In the data below, set down exactly the lines from the one containing "INTEX Nova Wired" up to and including the one containing "Yoko Technology 4CH MJPEG DVR User manual". Leave the pictures out.

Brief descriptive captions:
────────
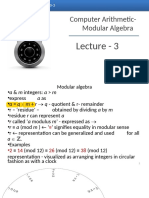 Computer Arithmetic-Modular Algebra: Lecture - 3
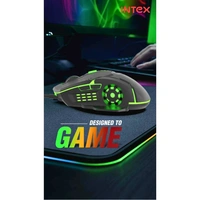INTEX Nova Wired Gaming Mouse - Multicolor LED, 4 DPI Levels, Plug & Play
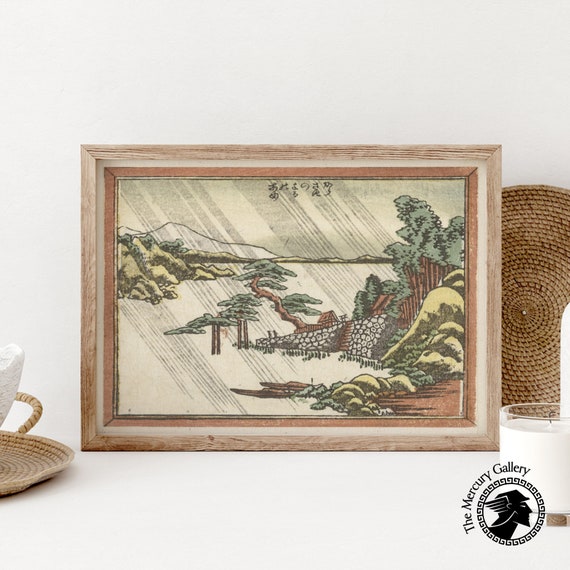 Hokusai Print Japan Wall Art Eight Views Of Mi Japanese Posters Woodblock Print Japanese Decor Vintage Print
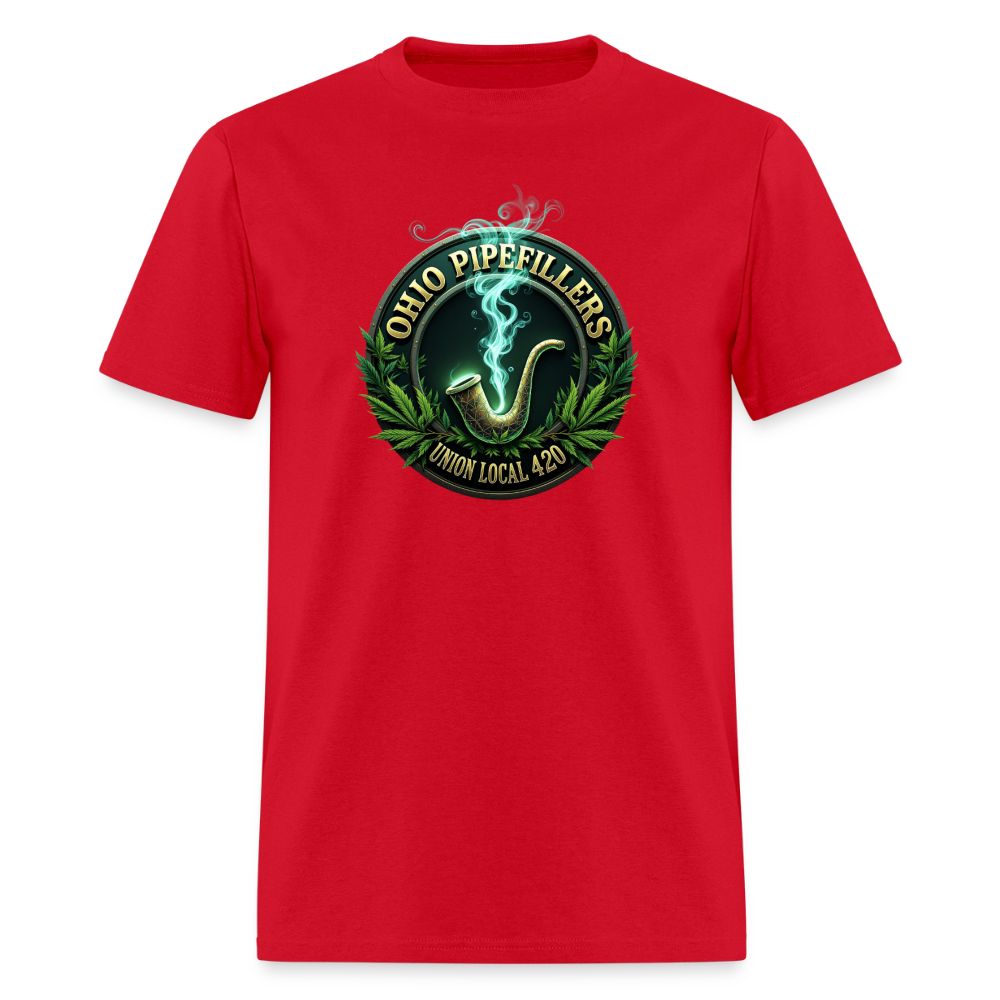 OHIO PIPEFILLERS UNION LOCAL 420 Men's T-Shirt - red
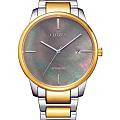Citizen Citizen Eco-Drive BM7524-87Y  BM7524-87Y кварцевые мужские часы перламутровый циферблат, браслет нержавеющая сталь с ip-покрытием — вид спереди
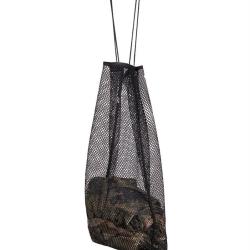 Sac &agrave; linge Mil-Tec en filet polyester 50 &times; 75 cm avec cordon - Noir
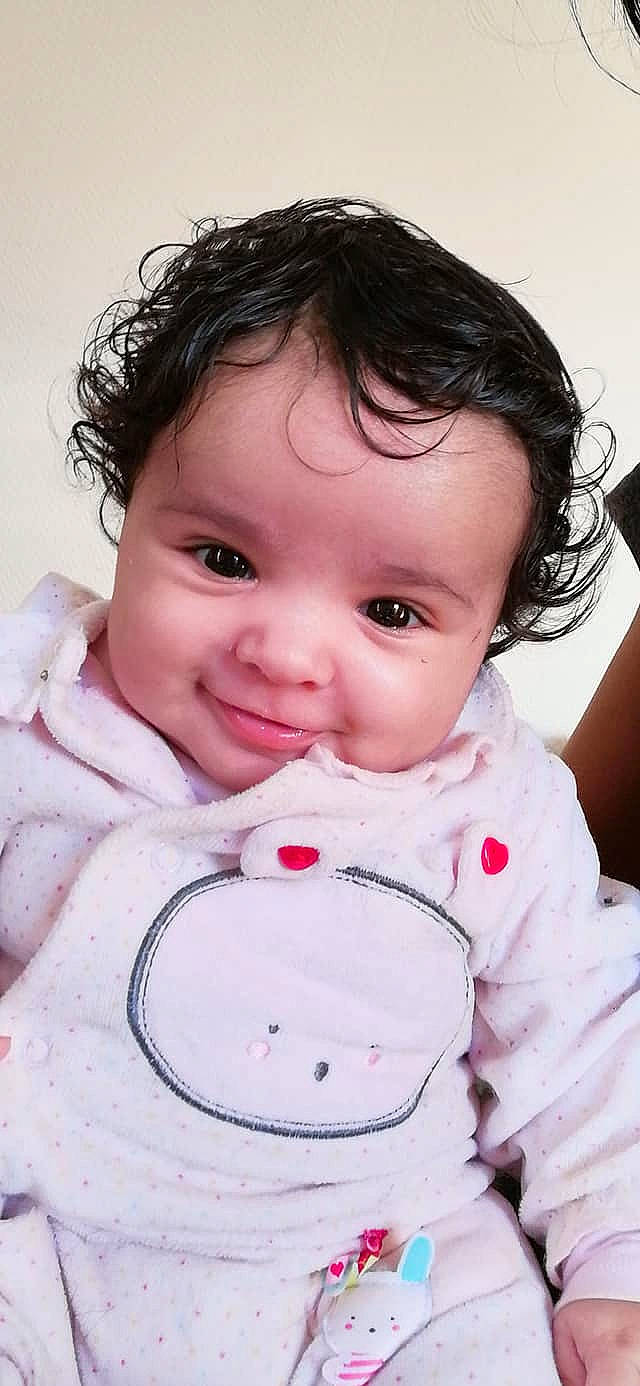 Islem participe au concours pour gagner de l'argent avec cette photo : baby, beauty, cheek, child, eye, face, head, joy, lip, nose, person, pink, skin, smile, toddler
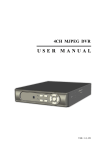 Yoko Technology 4CH MJPEG DVR User manual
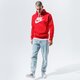 Vyriškas džemperis NIKE DŽEMPERIS SU GOBTUVU SPORTSWEAR CLUB FLEECE bv2973-657 spalva raudona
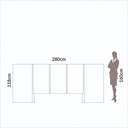 Ver imagem 2 de Cabeceira Queen Lisa 100% Mdf 280cm Basic Tw160 Pradel Móveis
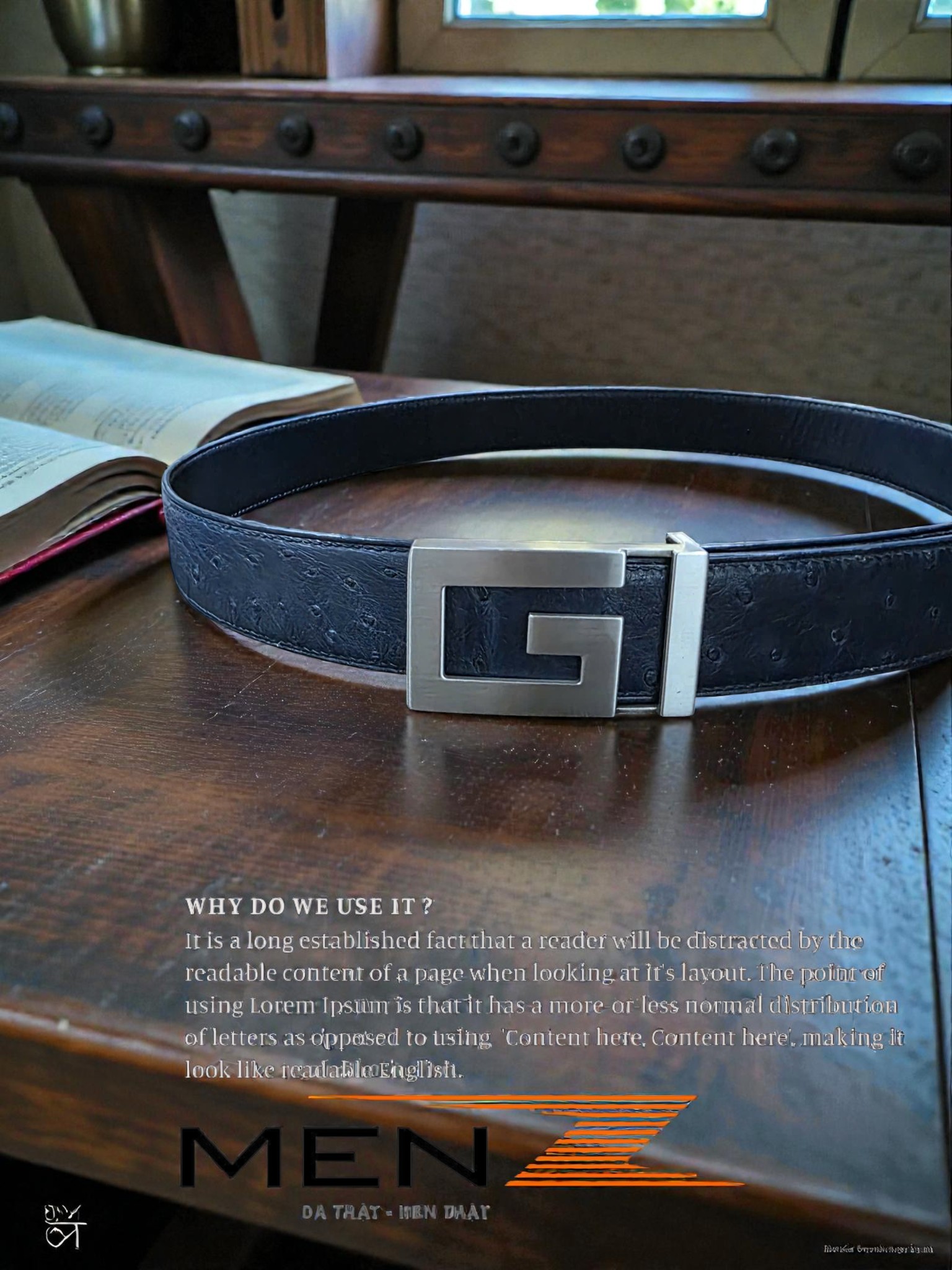 thắt lưng nam phong cách lịch lãm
────────
> Result for this exercise:
INTEX Nova Wired Gaming Mouse - Multicolor LED, 4 DPI Levels, Plug & Play
 Hokusai Print Japan Wall Art Eight Views Of Mi Japanese Posters Woodblock Print Japanese Decor Vintage Print
 OHIO PIPEFILLERS UNION LOCAL 420 Men's T-Shirt - red
Citizen Citizen Eco-Drive BM7524-87Y  BM7524-87Y кварцевые мужские часы перламутровый циферблат, браслет нержавеющая сталь с ip-покрытием — вид спереди
 Sac &agrave; linge Mil-Tec en filet polyester 50 &times; 75 cm avec cordon - Noir
 Islem participe au concours pour gagner de l'argent avec cette photo : baby, beauty, cheek, child, eye, face, head, joy, lip, nose, person, pink, skin, smile, toddler
 Yoko Technology 4CH MJPEG DVR User manual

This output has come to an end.